With the demands of modern life, squeezing in time for a workout is becoming more and more difficult. But fear not – the new Virgin Active PUMA FAAS CLAAS has arrived.
Quick, high-intensity, calorie-blasting sessions are what we’re all demanding – and these adrenaline-pumping classes tick all the boxes. Based on training methods adopted by many the world’s elite athletes, their aim is to fast-track participants to peak fitness.
As someone that’s a) heard the hype surrounding FAAS CLAAS, and b) constantly short on time, I thought it’d make sense for me to get involved and see what all the fuss is about. And I’m massively glad I did.
“Training needs to be enjoyable and impactful; people need to see and feel progress towards their goals in order to stay motivated”, according to Head of Fitness at Virgin Active Health Clubs, Tim Foster. I couldn’t agree more. And Brett Klika – creator of FAAS CLAAS – obviously subscribes to the same train of thought. Having now done a 30-minute session, ‘enjoyable’ is the first word that springs to mind as I look back (‘impactful’ runs it a close second, thanks to my aching limbs).
The point is that because I’m aching, I feel like I’ve really achieved something, despite the fact I was showered, changed and sitting at my desk by 8:55am. Because I can feel progress being made, I feel motivated; historically I’m not a lover of gym classes – but I’ll be doing this one again next week. And the week after. And the week after that.
Quick, high-intensity, calorie-blasting sessions are what we’re all demanding.
Anyway, I digress. On to the class itself. ‘What’s it like? What do you do?’ I hear you ask. Well I’ll tell you. It’s great. And you do a LOT. For me and my ‘claasmates’ it all started with a spot of stretching (nothing too strenuous – leaving me free to enjoy the funky reggae beats playing out in the background). Our instructor was full of life, cheery, positive and loud as she guided us professionally along.
Then, when we were all limbered up, the fun and games began. The next 25 minutes was a constant stream of activity – both alone and in teams – that really made the class live up to its ‘high intensity’ billing. We used weights, we used resistance bands, we used rope ladders, we star jumped, we quickstep jogged on the spot, we shuttle ran, we pressed-up and we sat-up; all in short, sharp bursts; all the while being reminded that “winners don’t quit” and “quitters don’t win”. It was knackering. It was awesome.
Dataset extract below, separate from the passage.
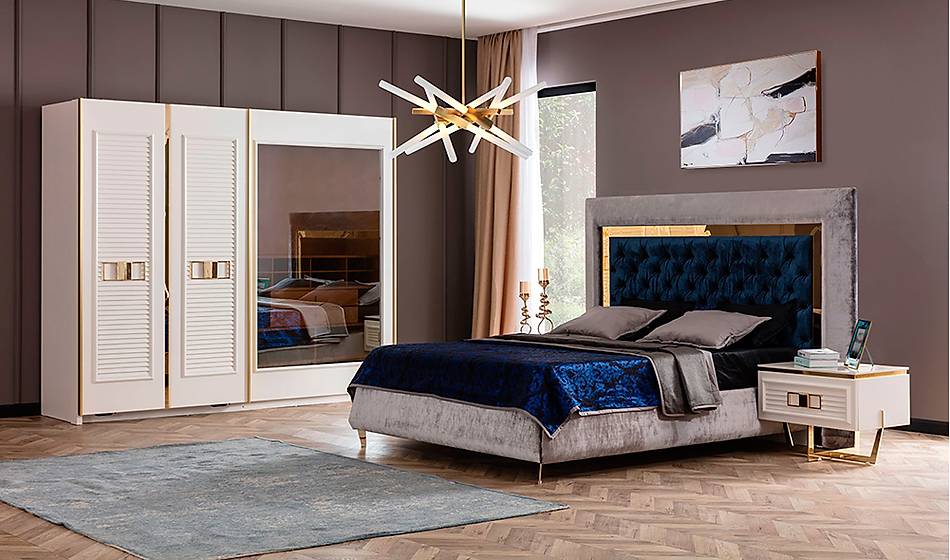 Gloria Luxury Yatak Odası - 2026 Yatak Odası | Yapı Mobilya - Görsel 1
After 25 minutes - sweat in eyes and with a newfound admiration for many of the people around me - the time came for our warm down. “Great”, I thought. I shouldn’t have.
Out came the tennis balls. Our fantastic instructor (who was still full of life, cheery, positive and loud) told us to pop it under our right foot and roll it about until we found a spot that felt a little “uncomfortable”. We then put our weight on it and held. Harder than it sounds. Other foot next. Then we sat down. Ball under right calf. Roll. Ball under left calf. Roll. Harder than it sounds. Ball under right buttock. Hold. Ball under left buttock. Hold. Much harder than it sounds. Much harder. But it really did relax the muscles and, crucially, it allowed me to find my breath for the first time in 15 minutes. Bliss.
And that was it. We got to our feet and gathered in the centre of the studio. We held our left arms into the centre of the circle (closer to our heart than the right, we were told) and put our fists together. “3, 2, 1, TEAM!” was the communal cry, as we flung our hands in the air. And with that I headed for the shower, full of the joys of spring.
As I went through the motions of lathering my hair with shower gel (the missus doesn’t like me “wasting” shampoo), I realised that although I felt shattered, I also felt totally reinvigorated. My workout for the day had been done - and it had only just turned half 8. As I left the club to head for work I saw a poster – ‘PUMA FAAS CLAAS. Live life in the faas lane and get fitter – faster.’ And that’s exactly what I urge you to do. I promise you won’t regret it.